Most of these are derivatives of the sweet basil family and all are basically the same plant in terms of how they’re grown in the garden. A common problem in most strains of basil is black spots on the leaves, usually caused by temperature or fungus.

Causes of Basil Black Spots

Basil has natural enemies as well as some problems that can be caused by the environment in which it’s grown. Many people mistake black spots on the leaves as a fungal infection when, in reality, it’s due to early frost nipping the leaves. Basil leaves are very fragile, so even a short frost can cause the leaf edges and the more vulnerable top leaves to die.

If the spots are from a fungal infection, there are several culprits to choose from, all commonly referred to as blight. Because they are all caused by fungi, the diagnosis, symptoms and treatments are generally the same as well.

The spots may appear at the center, on the edge, or anywhere else on the leaf or stem of the basil plant. In most cases, a look underneath the plant will show a fungal growth below the spot. These growths are encouraged when plants are weak from too much or not enough macronutrients (especially nitrogen) in the soil or when damp conditions persist for days, encouraging fungi.
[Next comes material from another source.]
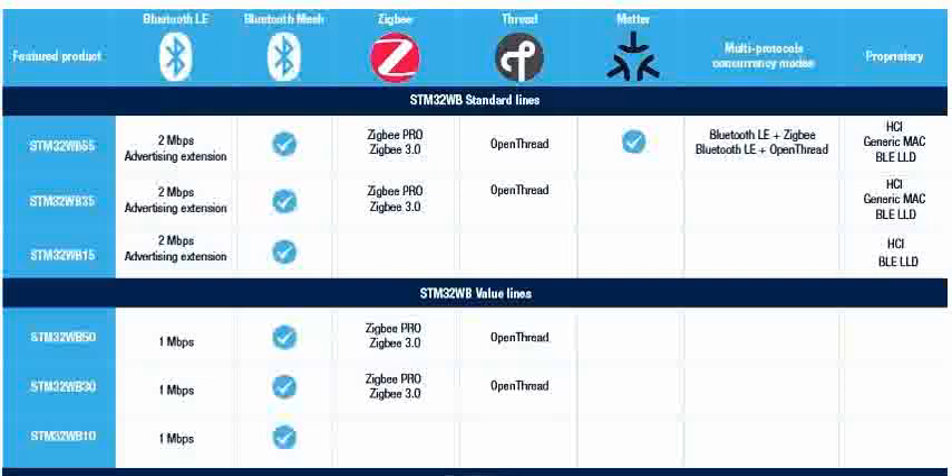There are several chips available in that combination. One of the chipsets from STMicroelectronics is the STM32WB55. This is a family of STM32WB where it is a dual-core chip, meaning two cores are present inside the chip, and we have multi-wireless functionality.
Treatment and Prevention of Basil Black Spots

For spots that could be caused by sudden drops in temperature, protecting the plants against frost is the best line of defense. Cover them with bell jars, tents, etc. Hoop tents are the most popular way to cover and preserve basil from short-term cold weather.

Trimming the plants down to harvest as many of the leaves as possible before the cold sets in, preserving them by drying or other methods, is another good option.

Proper nutrition in the soil is also important. Over- and under-application of nitrogen is the most common culprit for blight-like symptoms. Using good, well-made, organic compost rather than commercial mixtures is a sure way to prevent this type of imbalance in the soil.

For fungal infections, keeping plants well aerated by trimming regularly and giving them plenty of sun is a must. Watering in the morning and at the base of the plants rather than evening also keeps moisture levels down in cooler temperatures. Many fungicides are available to kill the fungus if it does appear. Natural options include fungal soap, a baking soda and water mixture, etc. Trimming away and removing affected leaves and then treating the rest of the plant is the best bet.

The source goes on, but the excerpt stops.